Of course, physicians should only prescribe medicines for which quality, safety, and efficacy have been demonstrated according to state-of-the-art science and technology, with the exception of drugs used in clinical trials or for compassionate purposes. Because biosimilars are licensed based on a reduced data package, physicians might misinterpret this as a nonreassuring basis to use biosimilar drugs for their patients. To alleviate unsubstantiated fears, physicians need to gain a clear understanding of the biosimilar philosophy, including the scientific principles as discussed in this article. The data package required for licensing of a biosimilar is not simply reduced. It is scientifically tailored and includes an extensive comparability exercise using sensitive analytical tools and sensitive test models to provide reassurance that the biosimilar and the respective reference product are indeed highly similar. Based on such extensive comparative data, there is no scientific reason to assume that the biosimilar would behave differently from the reference product when used in clinical practice.
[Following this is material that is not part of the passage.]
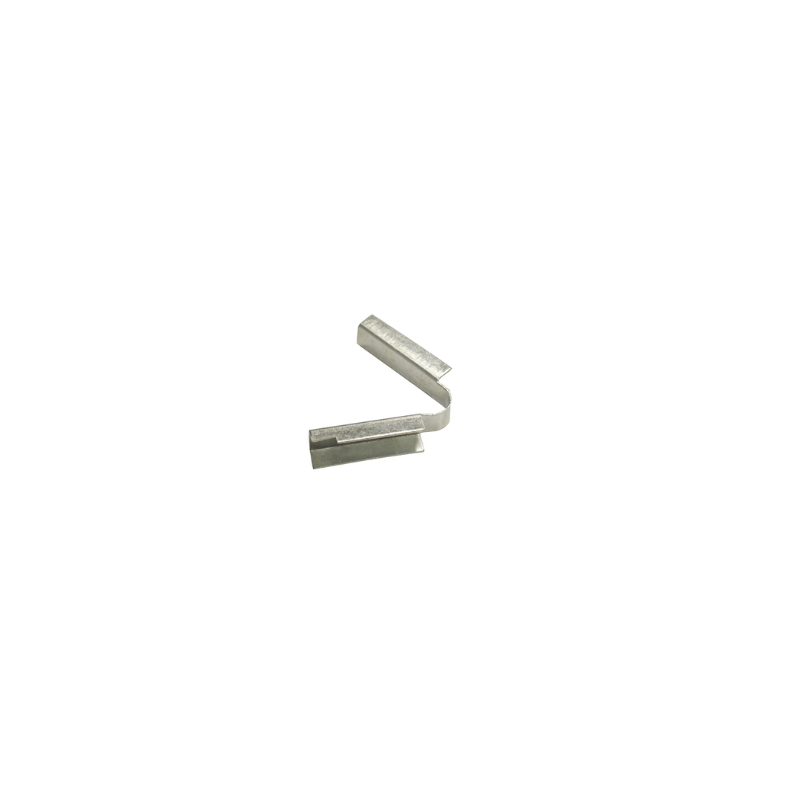 Axle Bracket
The understanding of the biosimilar concept will become increasingly important when even more complex biologicals, such as monoclonal antibodies, are developed as biosimilars.43 For example, the most sensitive clinical model for investigating potential product-related differences in efficacy of anticancer monoclonal antibodies might not necessarily use overall survival as the primary end point, which is usually considered as the gold standard to establish patient benefit. However, overall survival is usually confounded by many factors unrelated to the performance of the drug itself, which might, despite randomization, not be sufficiently balanced between treatment groups unless the study is extremely large. For a biosimilar, other primary clinical end points that are more sensitive (eg, objective response rate or change in tumor mass), focusing on the detection of potential differences in efficacy rather than the demonstration of efficacy per se, may be more appropriate.44

With regard to safety, physicians should understand that the nonidentical nature of a biosimilar and the more familiar reference product is inherent to all biologicals, and is also true for differences that might arise from a change in the manufacturing process of an established biologic product.45 It is well known that the problem of epoetin antibody-induced pure red cell aplasia was first recognized after a major change in the manufacturing process used for an originator epoetin, and not with a biosimilar.46 Because immunogenicity may be altered by such major but also by seemingly minor changes, human immunogenicity data are always required for the licensing of biologicals, including biosimilars.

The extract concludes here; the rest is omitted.